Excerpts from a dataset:
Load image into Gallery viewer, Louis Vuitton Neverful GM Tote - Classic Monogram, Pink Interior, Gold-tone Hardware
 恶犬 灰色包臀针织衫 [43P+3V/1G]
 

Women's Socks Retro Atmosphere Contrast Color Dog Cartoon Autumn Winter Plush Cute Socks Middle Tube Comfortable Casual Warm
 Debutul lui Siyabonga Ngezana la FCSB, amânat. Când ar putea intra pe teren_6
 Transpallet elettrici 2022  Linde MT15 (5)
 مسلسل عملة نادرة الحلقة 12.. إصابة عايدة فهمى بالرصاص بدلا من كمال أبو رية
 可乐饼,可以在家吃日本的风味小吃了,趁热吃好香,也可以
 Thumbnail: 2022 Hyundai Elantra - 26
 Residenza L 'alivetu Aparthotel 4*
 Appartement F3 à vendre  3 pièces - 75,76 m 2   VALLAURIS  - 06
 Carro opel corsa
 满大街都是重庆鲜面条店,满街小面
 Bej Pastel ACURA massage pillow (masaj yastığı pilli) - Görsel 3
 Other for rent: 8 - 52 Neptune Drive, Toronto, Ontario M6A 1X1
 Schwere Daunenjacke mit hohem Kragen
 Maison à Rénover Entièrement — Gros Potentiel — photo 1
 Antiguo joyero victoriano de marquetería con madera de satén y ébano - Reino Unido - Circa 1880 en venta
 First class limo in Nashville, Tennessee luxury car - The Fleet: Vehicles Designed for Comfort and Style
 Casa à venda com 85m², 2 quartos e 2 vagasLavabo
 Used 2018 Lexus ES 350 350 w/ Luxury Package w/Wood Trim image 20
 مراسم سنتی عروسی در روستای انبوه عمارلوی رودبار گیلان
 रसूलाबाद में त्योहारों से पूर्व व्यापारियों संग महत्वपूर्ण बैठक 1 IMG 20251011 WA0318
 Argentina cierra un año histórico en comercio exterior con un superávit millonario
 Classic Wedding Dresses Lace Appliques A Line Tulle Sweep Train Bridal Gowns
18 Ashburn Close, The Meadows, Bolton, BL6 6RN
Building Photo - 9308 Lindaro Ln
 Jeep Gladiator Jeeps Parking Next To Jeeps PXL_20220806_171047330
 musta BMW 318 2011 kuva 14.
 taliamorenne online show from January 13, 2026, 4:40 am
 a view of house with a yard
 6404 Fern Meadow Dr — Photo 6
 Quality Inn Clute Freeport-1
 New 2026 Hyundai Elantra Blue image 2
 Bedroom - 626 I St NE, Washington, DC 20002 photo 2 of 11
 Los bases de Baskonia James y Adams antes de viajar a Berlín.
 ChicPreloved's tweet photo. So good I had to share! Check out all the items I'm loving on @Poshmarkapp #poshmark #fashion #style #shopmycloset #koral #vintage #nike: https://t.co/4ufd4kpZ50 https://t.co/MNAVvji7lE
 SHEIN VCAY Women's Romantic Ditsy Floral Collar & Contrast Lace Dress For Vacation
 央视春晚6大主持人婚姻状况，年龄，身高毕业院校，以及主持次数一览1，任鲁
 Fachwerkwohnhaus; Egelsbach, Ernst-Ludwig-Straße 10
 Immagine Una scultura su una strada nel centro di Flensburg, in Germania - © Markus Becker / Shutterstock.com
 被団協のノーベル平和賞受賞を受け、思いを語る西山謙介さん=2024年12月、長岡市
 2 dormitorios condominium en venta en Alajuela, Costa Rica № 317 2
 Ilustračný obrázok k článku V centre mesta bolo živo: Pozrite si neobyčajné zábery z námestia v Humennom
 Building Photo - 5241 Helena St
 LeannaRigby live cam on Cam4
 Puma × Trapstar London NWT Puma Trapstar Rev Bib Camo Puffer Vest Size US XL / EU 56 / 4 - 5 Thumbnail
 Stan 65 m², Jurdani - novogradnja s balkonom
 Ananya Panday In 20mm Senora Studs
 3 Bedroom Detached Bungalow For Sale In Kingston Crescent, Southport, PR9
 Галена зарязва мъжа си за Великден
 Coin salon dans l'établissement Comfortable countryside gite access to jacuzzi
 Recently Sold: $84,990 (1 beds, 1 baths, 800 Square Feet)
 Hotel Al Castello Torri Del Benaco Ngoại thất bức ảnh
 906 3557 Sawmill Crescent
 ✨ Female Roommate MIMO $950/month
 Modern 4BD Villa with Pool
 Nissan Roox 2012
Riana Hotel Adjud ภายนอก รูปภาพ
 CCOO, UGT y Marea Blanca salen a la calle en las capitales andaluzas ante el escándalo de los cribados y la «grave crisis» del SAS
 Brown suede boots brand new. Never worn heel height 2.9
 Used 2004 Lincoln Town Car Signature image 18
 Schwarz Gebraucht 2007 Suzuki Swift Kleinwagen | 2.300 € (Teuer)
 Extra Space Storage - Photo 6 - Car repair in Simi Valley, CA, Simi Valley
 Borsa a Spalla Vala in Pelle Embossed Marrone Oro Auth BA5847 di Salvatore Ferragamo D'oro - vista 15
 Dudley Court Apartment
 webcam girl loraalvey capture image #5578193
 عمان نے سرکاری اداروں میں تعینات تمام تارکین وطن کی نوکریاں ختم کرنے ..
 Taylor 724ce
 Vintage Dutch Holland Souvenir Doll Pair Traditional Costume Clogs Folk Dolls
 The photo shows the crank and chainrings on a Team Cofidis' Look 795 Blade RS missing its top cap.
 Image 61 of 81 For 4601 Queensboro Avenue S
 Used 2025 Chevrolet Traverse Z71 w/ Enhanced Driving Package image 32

» Task requirements
Would you copy all lines in the records where the string "Comfortable" appears?

» Answer section
Women's Socks Retro Atmosphere Contrast Color Dog Cartoon Autumn Winter Plush Cute Socks Middle Tube Comfortable Casual Warm
 Coin salon dans l'établissement Comfortable countryside gite access to jacuzzi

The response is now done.